The international consulting firm Boston Consulting Group (BCG) has spent years training Hamas-friendly Qatar’s government workers, including after Oct. 7. It agreed to endorse Chinese Communist Party principles in 2023 in order to secure a six-figure contract advising city officials in Beijing on artificial intelligence. Now, it’s apologizing—after "exiting" two partners who worked for an aid project in Gaza backed by the U.S. and Israeli governments.
BCG announced last week that it had fired two of its managing directors who were consulting for the Gaza Humanitarian Foundation (GHF), a new American and Israeli-backed aid distribution program formed to prevent Hamas from intercepting international humanitarian supplies. CEO Christoph Schweizer wrote in a company-wide email that he was "sorry for how disappointing this has been to many BCGers around the world."
He also sent a message to BCG alumni, obtained by the Washington Free Beacon, that said the "humanitarian crisis and aid efforts in Gaza" have "come under scrutiny, raising serious questions about our role and how the work was approved." That work violated "BCG's direction, policies, and values—including our apolitical and humanitarian-focused stance in this conflict," Schweizer wrote, indicating that the firm was institutionally opposed to aiding the joint U.S.-Israeli initiative.

The messages came as news of BCG's involvement in the project infuriated a group of the firm's employees, who wrote a letter to leadership saying BCG would be complicit in "population transfer and ethnic cleansing." They demanded the firm "hold to account all those who dragged BCG into this unenviable situation" and "immediately issue an explanatory note to staff to address their concerns."

BCG has offered no such condemnations—and does not appear to have faced internal pushback—over its lucrative work in Qatar and China.
In 2022, BCG inked an agreement with the Qatari government to help train public workers, a deal that came as the Gulf state prepared to host a World Cup that exposed its human rights record. Hundreds of migrant workers, many of whom faced forced labor conditions, died while working on construction projects related to the tournament.
Months later, BCG launched a major expansion of its business in Qatar with the stated goal of becoming the terror-tied state's "premier management consulting firm." Its clients include "leading public sector entities" in Qatar, according to the firm's website. Earlier this year, the Qatar Investment Authority announced it would fund B Capital, a BCG-backed venture capital firm.
BCG’s work with Qatar continued even as the government gave Hamas leaders asylum in luxury hotels and homes after the Oct. 7, 2023, attacks. Qatar is one of Hamas’s biggest financial backers and has worked closely with the terrorist organization on political and strategic goals. The firm's work also continued as Schweizer touted BCG's "LGBTQ+ inclusion" efforts. Homosexuality is illegal in Qatar.
The firm has worked on sensitive projects with the Chinese government as well.

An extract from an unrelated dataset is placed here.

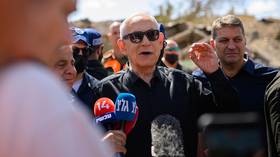 Israeli Prime Minister Benjamin Netanyahu visiting the area of an Iranian missile strike in Dimona in March 2026.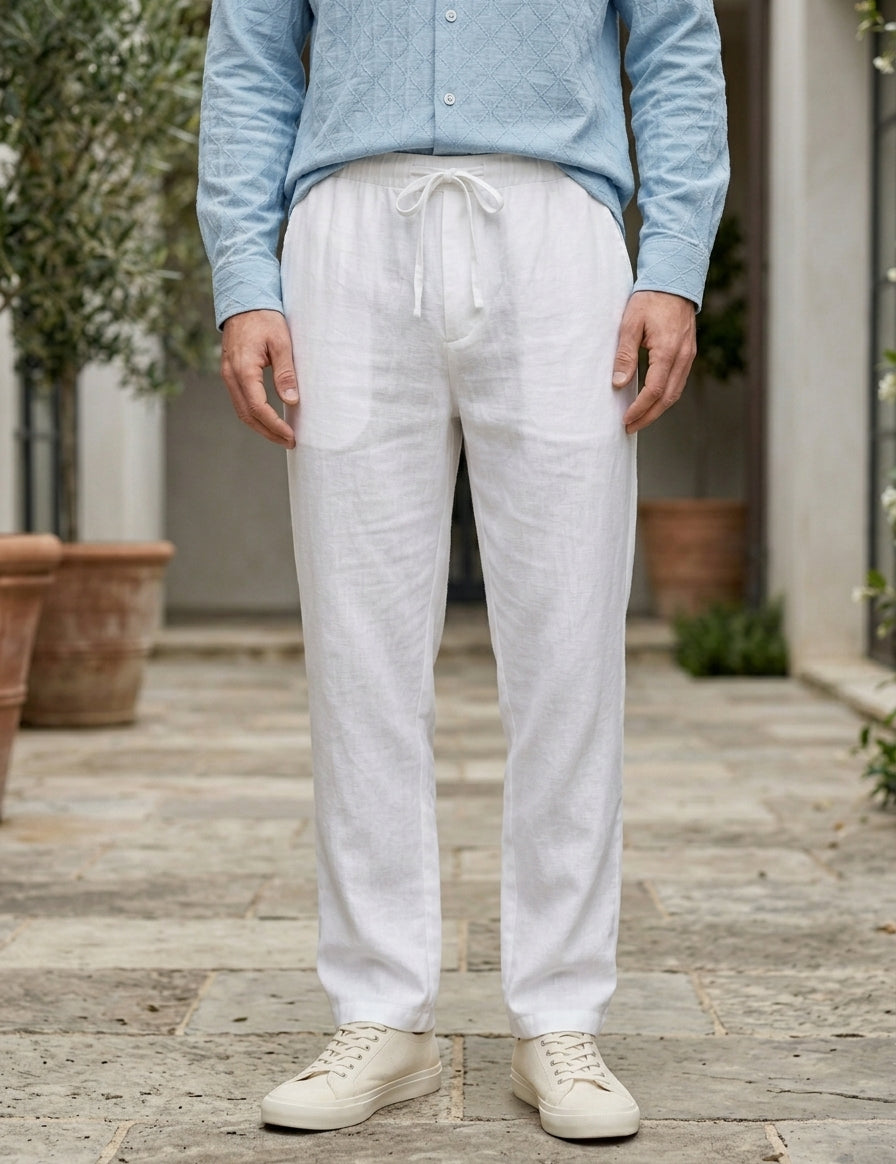 Person wearing light blue shirt and white pants standing outdoors on a wooden deck.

In 2023, Beijing city officials hired BCG as a consultant on an artificial intelligence hub and asked the firm "to endorse the principles of the Communist Party in order to take on the assignment," the Wall Street Journal reported at the time. The firm defended its work in that case, telling the Journal it "has robust risk and compliance systems to ensure our work meets the laws of all countries in which we operate" and agreed to endorse the CCP principles to comply with Chinese law. The party's "Four Cardinal Principles" include an adherence to CCP leadership and to Marxism.
BCG spokeswoman Nidhi Sinha pointed the Free Beacon to a statement on the company's website which states that the firm stopped work with the GHF not out of opposition to the aid initiative but because the two partners who worked on it, Matt Schlueter and Ryan Ordway, "failed to disclose the full nature of the work." A source close to GHF questioned that rationale.

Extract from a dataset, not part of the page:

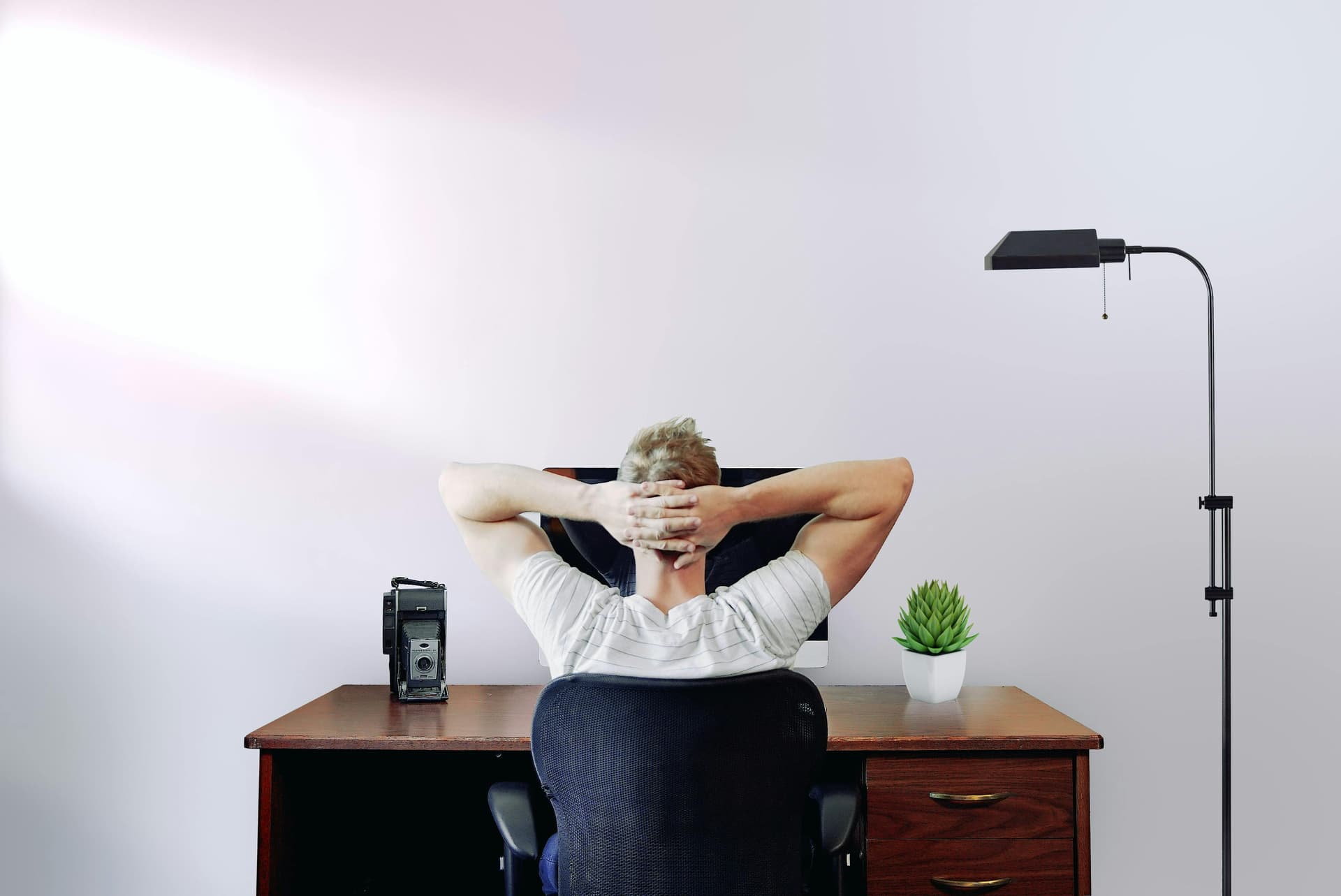 A person is leaning back in a chair with hands behind their head, facing a computer on a wooden desk in a minimalistic office with a plant and a floor lamp.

"It’s pretty clear BCG is hanging these partners out to dry," the source told the Free Beacon. "There's no way a contract this big went under the radar at BCG."
BCG's condemnation of its former partners' work for GHF, a joint American-Israeli project, could attract the ire of the Trump administration. BCG is a major recipient of U.S. government funding—the firm pulled in over $340 million in defense contracts in 2024 alone, a Free Beacon review found.
Sinha told the Free Beacon the firm maintains a "strong presence in Israel," having opened an office in Tel Aviv in 2011, and supports "many Israeli-based NGOs and charities." She also said the firm employs "tens of thousands of talented Americans" who are "proudly supporting America" by working on projects like revitalizing "America's ship building and maritime industrial base."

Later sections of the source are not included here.